§ **Problem**: Among the entries, find the lines with the string "Adjustable" and copy them.

§ **Records for this task**:
>>
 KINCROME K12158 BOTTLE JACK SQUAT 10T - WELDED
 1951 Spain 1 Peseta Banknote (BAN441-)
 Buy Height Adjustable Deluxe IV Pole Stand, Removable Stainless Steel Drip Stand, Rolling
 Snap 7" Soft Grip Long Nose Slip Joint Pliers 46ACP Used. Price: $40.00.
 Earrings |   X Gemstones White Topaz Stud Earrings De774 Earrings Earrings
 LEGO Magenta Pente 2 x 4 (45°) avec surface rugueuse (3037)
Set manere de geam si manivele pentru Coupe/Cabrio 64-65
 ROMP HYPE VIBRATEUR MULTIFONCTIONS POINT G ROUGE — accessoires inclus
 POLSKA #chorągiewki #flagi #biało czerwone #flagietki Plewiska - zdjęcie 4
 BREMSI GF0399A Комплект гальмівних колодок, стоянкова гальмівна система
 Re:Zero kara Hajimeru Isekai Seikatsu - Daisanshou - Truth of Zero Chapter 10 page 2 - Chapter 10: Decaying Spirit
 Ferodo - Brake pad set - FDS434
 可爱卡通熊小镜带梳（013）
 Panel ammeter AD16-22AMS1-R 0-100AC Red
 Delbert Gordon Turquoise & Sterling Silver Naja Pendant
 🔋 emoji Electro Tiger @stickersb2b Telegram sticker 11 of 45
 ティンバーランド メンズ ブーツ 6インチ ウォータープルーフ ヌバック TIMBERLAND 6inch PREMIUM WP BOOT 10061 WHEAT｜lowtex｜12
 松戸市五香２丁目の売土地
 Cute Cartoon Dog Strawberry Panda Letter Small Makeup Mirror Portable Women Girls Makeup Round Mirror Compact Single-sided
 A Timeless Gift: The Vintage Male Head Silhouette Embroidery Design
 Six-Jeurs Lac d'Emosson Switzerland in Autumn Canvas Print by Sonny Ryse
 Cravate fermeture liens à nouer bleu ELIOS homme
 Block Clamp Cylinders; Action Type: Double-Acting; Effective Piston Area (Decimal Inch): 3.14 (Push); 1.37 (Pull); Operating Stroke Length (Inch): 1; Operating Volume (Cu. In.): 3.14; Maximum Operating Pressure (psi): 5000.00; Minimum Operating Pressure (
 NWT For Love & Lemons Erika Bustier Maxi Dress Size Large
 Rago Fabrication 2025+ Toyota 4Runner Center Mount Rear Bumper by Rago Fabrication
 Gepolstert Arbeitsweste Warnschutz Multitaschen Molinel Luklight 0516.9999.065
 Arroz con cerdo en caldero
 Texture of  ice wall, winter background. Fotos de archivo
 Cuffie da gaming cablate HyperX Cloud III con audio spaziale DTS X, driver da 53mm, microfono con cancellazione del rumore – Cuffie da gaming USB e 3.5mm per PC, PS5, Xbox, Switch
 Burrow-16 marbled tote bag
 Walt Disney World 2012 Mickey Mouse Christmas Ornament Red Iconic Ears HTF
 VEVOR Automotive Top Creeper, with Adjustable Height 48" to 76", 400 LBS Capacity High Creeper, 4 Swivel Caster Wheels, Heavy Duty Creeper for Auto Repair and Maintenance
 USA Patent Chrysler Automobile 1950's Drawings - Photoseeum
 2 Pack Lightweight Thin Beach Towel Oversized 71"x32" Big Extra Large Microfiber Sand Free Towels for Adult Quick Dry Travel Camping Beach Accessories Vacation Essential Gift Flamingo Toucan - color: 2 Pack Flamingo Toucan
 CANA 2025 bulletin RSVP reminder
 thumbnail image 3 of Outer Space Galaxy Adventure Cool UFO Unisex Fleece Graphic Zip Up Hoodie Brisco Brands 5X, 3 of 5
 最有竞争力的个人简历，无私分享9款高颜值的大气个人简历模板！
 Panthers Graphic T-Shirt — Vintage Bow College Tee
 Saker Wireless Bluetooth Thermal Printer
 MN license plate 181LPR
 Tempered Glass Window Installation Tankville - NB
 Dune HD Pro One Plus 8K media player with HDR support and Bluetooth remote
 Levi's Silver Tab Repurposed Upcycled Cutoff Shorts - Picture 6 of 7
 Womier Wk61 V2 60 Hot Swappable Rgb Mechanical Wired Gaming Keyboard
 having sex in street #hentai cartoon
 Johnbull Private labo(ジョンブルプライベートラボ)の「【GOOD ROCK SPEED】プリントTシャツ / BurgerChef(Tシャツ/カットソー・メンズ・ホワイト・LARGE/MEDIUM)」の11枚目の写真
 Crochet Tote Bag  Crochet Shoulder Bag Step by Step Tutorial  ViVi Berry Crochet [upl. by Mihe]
<<
§ **Solution for this problem**:
 Buy Height Adjustable Deluxe IV Pole Stand, Removable Stainless Steel Drip Stand, Rolling
 VEVOR Automotive Top Creeper, with Adjustable Height 48" to 76", 400 LBS Capacity High Creeper, 4 Swivel Caster Wheels, Heavy Duty Creeper for Auto Repair and Maintenance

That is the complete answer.